A fitness landscape is a multidimensional surface where each point represents a genotype and its height represents fitness. Populations evolve by climbing peaks (local optima) or navigating valleys due to mutation and selection. Real landscapes are complex with multiple peaks, epistasis, and changing surfaces.
From natural selection you know that individuals with higher fitness — greater survival and reproductive success — leave more offspring, and from adaptation and fitness you understand that populations tend to become better matched to their environments over time. The fitness landscape is a powerful visual metaphor that makes this process spatial and intuitive. Imagine a topographic map where every possible genotype occupies a specific location on the map, and the elevation at that point represents the fitness of that genotype. Natural selection pushes populations uphill — toward genotypes with higher fitness — just as a ball rolling on a hilly surface tends to settle into valleys (though in fitness landscapes, we invert the metaphor: populations climb *toward* peaks rather than rolling into valleys).
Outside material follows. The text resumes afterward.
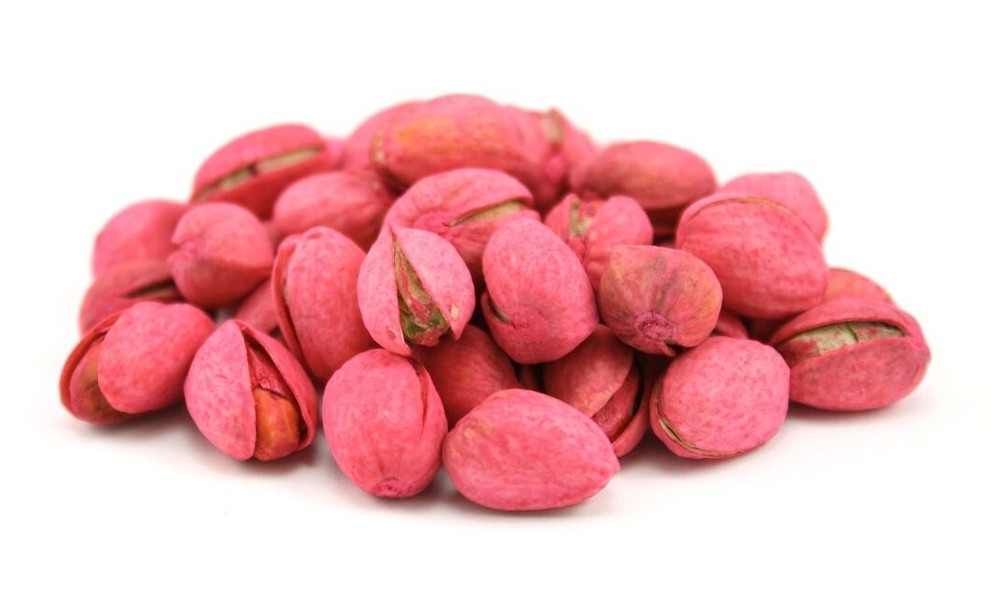 RED PISTACHIOS – 2 POUND BAG SHIPS FREE and FAST!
The simplest fitness landscape has a single smooth peak — one optimal genotype that selection drives the population toward. But Sewall Wright, who originated the concept, emphasized that real landscapes are rugged: they have multiple peaks of different heights separated by valleys of low fitness. This ruggedness arises from epistasis — the fitness effect of a mutation at one gene depends on the alleles present at other genes. When gene interactions are complex, nearby genotypes in sequence space can have very different fitnesses, creating a corrugated surface. A population climbing by natural selection alone will reach the nearest peak and get stuck there, even if a much higher peak exists elsewhere, because reaching it would require passing through a fitness valley — a sequence of deleterious intermediate steps that selection opposes.
This is the local optimum problem, and it explains why evolution does not always produce the "best" possible solution. How do populations escape local peaks? Several mechanisms help. Genetic drift — random fluctuation in allele frequencies — can push small populations off a local peak and into the basin of attraction of a higher one, especially when the valley is shallow. Mutation continually introduces new variation that explores neighboring genotype space. Recombination can generate novel genotype combinations that jump across the landscape rather than traversing it step by step. And environmental change reshapes the landscape itself: a peak under one set of conditions becomes a valley under another, forcing the population to move whether it has reached an optimum or not.
The fitness landscape concept has important limitations to keep in mind. Real genotype spaces are astronomically high-dimensional — even a modest genome offers more possible genotypes than atoms in the universe — so the two-dimensional hill metaphor dramatically understates the complexity. In high dimensions, populations have far more mutational neighbors and more possible routes between peaks, which means local optima may be less "sticky" than the simple 2D picture suggests. Additionally, fitness landscapes are not fixed — they change as the environment shifts, as other species coevolve, and as the population's own allele frequencies alter the selective pressures (frequency-dependent selection). Despite these caveats, the landscape metaphor remains one of evolutionary biology's most useful conceptual tools for reasoning about how selection, drift, mutation, and epistasis interact to shape the trajectory of adaptation.